Jakarta –
Kuil berusia 400 tahun ini akan menderita sampah dari wisatawan selama kunjungan Anda. Pengunjung berpendapat bahwa mereka tidak memahami peringatan lisan dari Jepang.
Seperti dilansir SoraNews, Jepang (27/9/2024) terus mencatatkan jumlah wisatawan yang tinggi, namun hal ini sejalan dengan beberapa permasalahan, termasuk overtourism. Berbagai kelakuan wisatawan membuat mereka ‘sakit kepala’.
Beberapa waktu lalu mereka sempat kebingungan karena banyak turis asing yang tidak membayar biaya tersebut saat naik bus.

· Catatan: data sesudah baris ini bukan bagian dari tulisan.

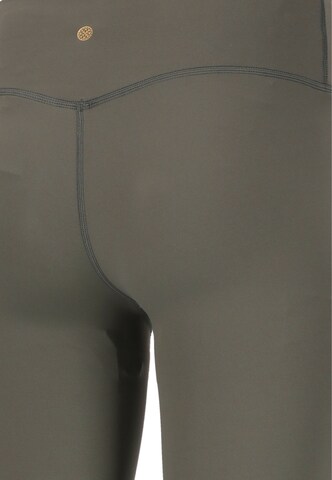Athlecia Skinny Sports trousers 'Luxe' in Grey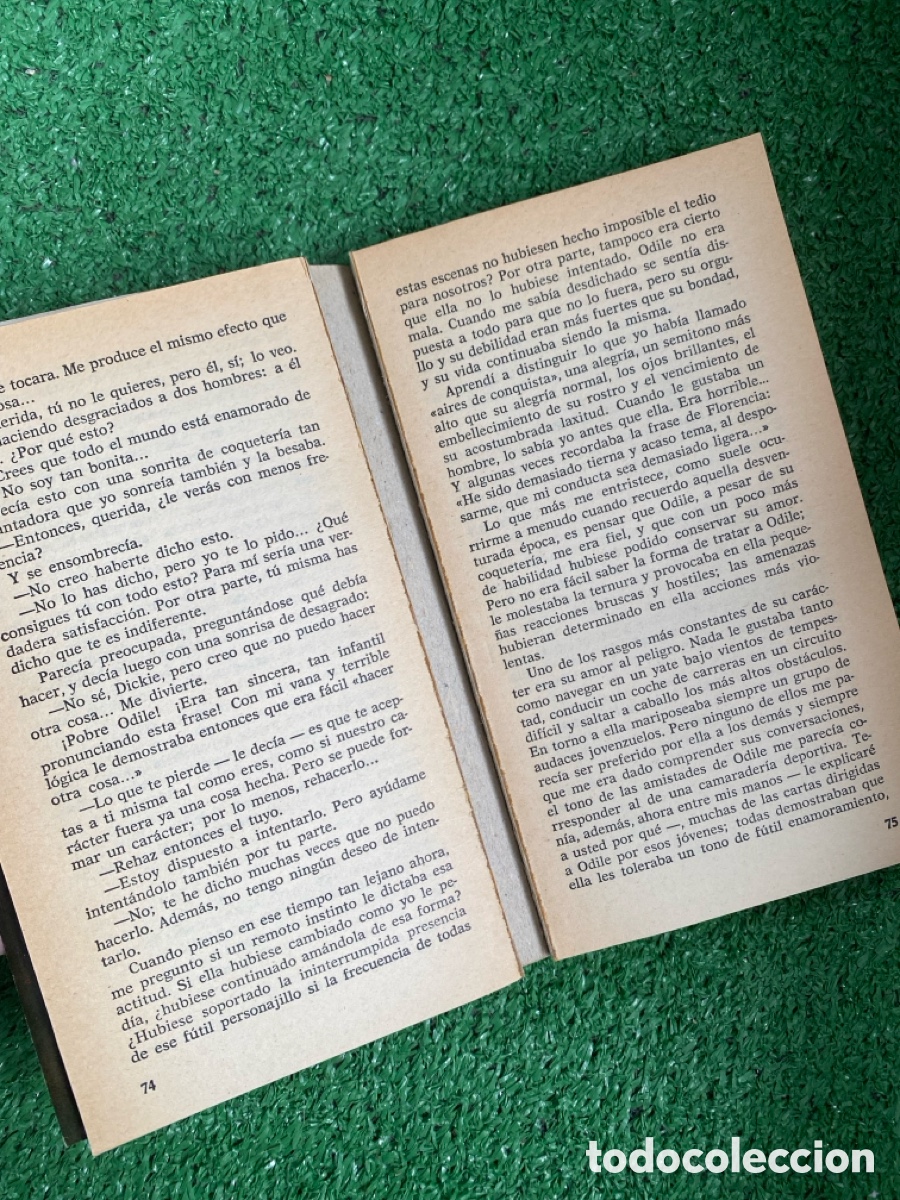 Libros de segunda mano: Climas - Andre Maurois - Foto 4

Kebanyakan dari mereka tidak memahami sistem pembayaran bus dan tidak bisa berbahasa Jepang. Pengemudi yang hanya bisa berbahasa Jepang akhirnya menyerah dan tidak bisa menjelaskan peraturannya.
Kali ini pengaduan datang dari sebuah kuil di Bangsal Higashiyama di sisi timur Kyoto. Kuil Kodaiji didirikan pada tahun 1606 dan terkenal dengan arsitektur dan karya seninya yang bersejarah. Dan Kodaiji memiliki taman lumut yang indah dan jalan setapak dengan hutan bambu.

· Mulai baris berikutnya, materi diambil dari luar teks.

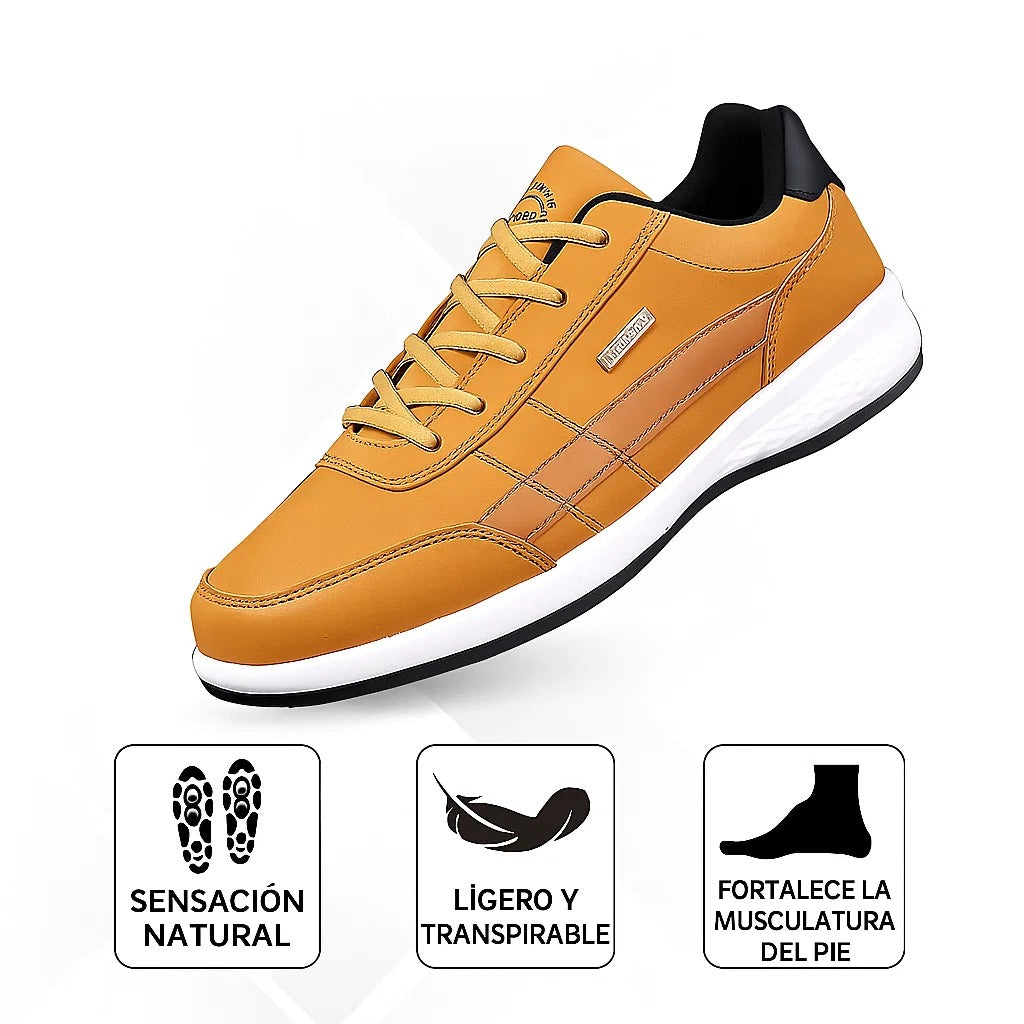 Zapatos Ergonómicos y Cómodos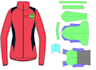 do digital sewing pattern and pattern grading for sewing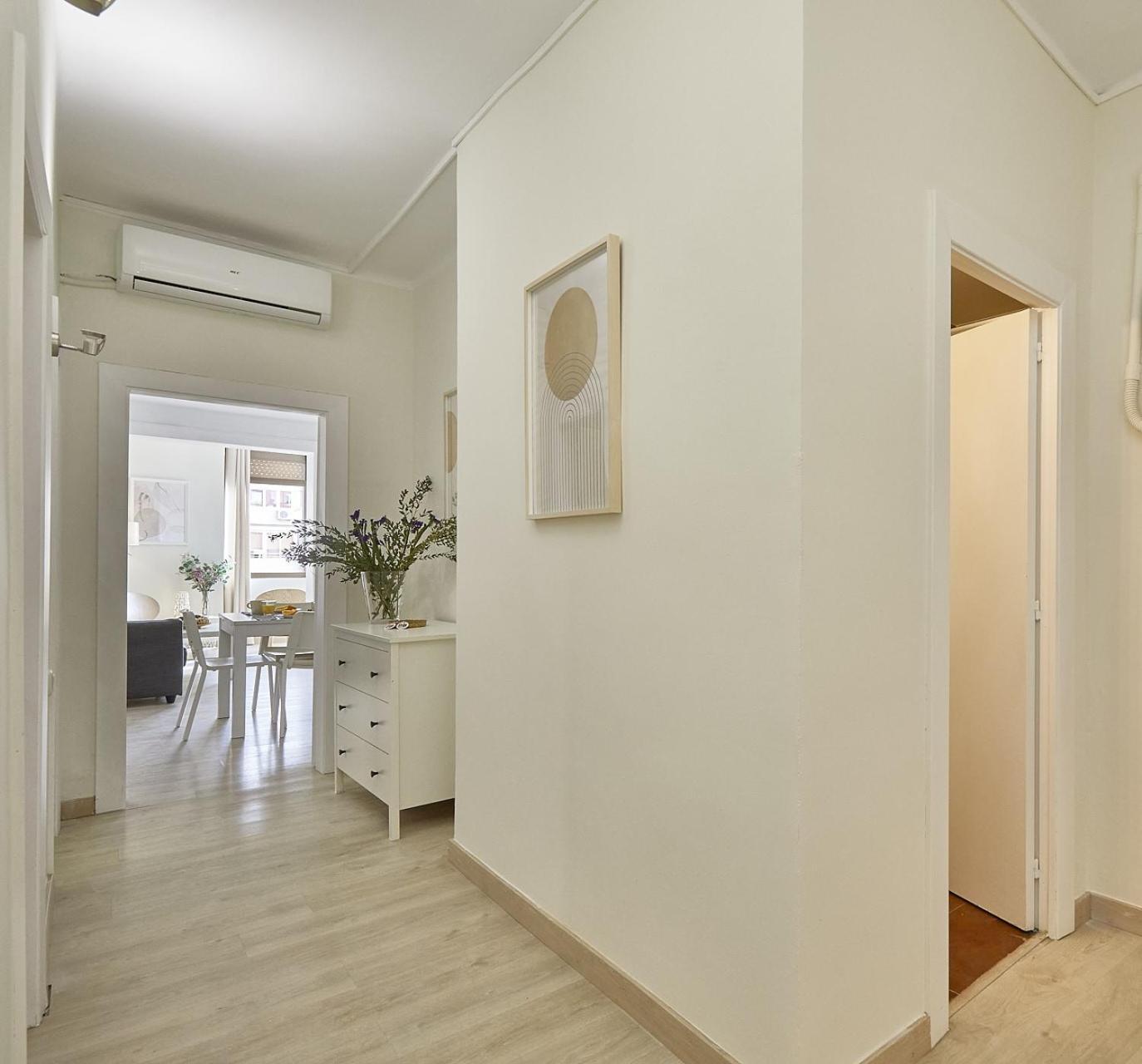 Bbarcelona Encants Flat Apartman Kültér fotó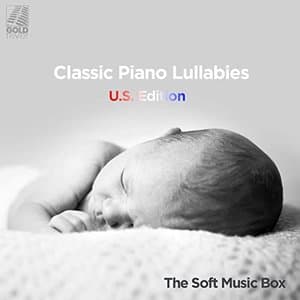 Classic Piano Lullabies - U.S. Edition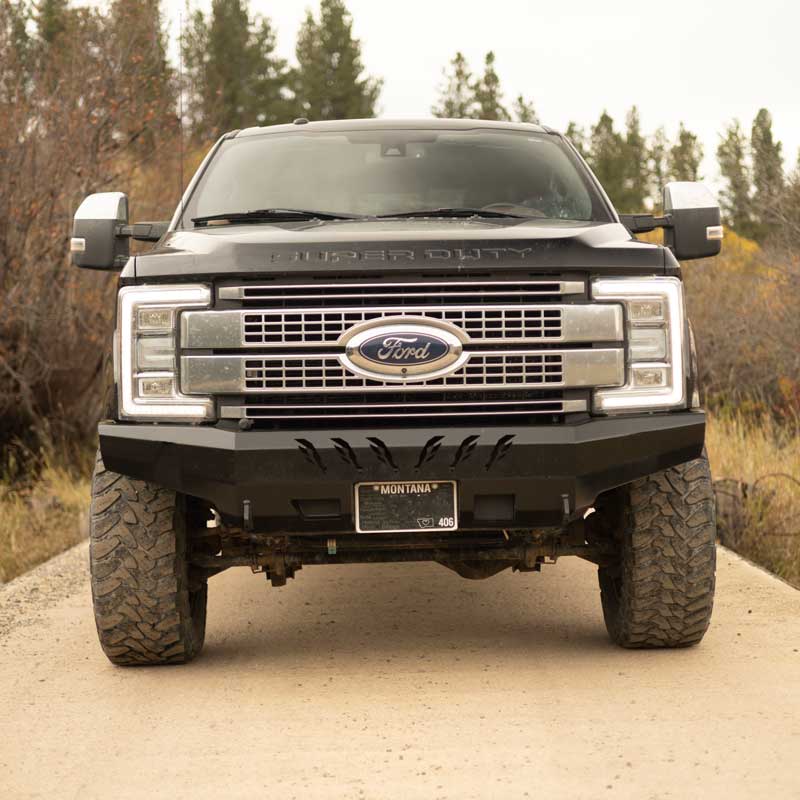 Aftermarket Truck & SUV Front Bumper Kits – MOVE Bumpers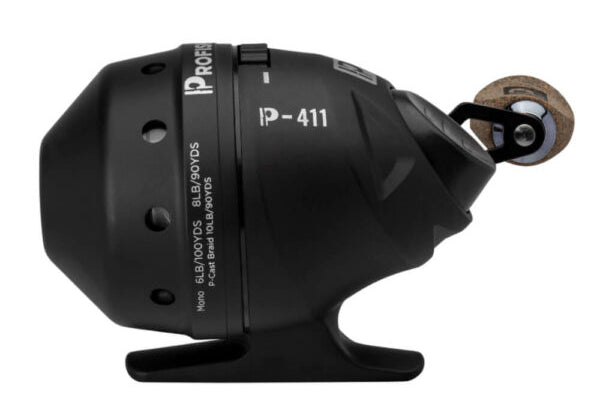 ProFISHiency 2-4-1 Standard & Micro Spincast Reel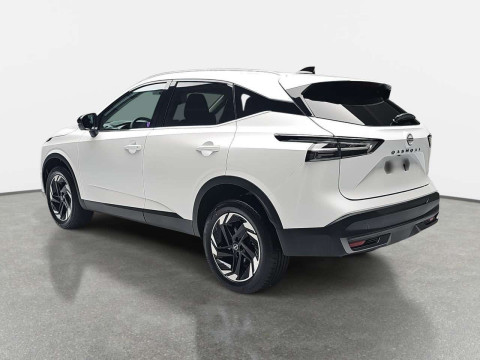 Ansicht 6 - Gebrauchtwagen Fahrzeug, Modell Qashqai der Marke Nissan von Verkäufer AH Brüggemann GmbH & Co. KG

Namun keindahan halaman pura dirusak oleh kecerobohan wisatawan yang meninggalkan puntung rokok, wadah minuman (sebagian masih terisi sebagian cairan) dan stik es krim di bebatuan dan di belakang bangunan.
“Bahkan jika kami mencoba membersihkan sampah, sampah itu tidak pernah bersih,” kata kepala pendeta Koin Aoyama, menjelaskan masalahnya.

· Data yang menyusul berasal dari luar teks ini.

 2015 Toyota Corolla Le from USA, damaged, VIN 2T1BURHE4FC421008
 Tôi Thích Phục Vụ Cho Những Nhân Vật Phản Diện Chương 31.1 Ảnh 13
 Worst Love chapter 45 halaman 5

Tidak hanya karena sampah, kuil juga dibuat frustrasi oleh mereka yang datang dengan fotografer profesional untuk pemotretan, sesuatu yang sekarang dilarang oleh kuil karena menyebabkan kerusakan pada halaman dan ketidaknyamanan bagi tamu lain. Semua batasan ditulis dalam bahasa Jepang dan wisatawan tidak memahaminya.
Aoyama mengatakan dia juga mencoba memperingatkan orang-orang secara lisan, namun mereka merespons dengan cara yang menunjukkan bahwa mereka tidak mengerti bahasa Jepang. Ia kemudian mencoba menjelaskan masalahnya dalam bahasa Inggris, namun jawaban yang mereka dapatkan tetap sama, yaitu mereka tidak mengerti apa yang ia katakan. Tonton video “Hetty Koes Endang Jawab Tantangan Hak Cipta Richard Kyoto” (SIM/FEM)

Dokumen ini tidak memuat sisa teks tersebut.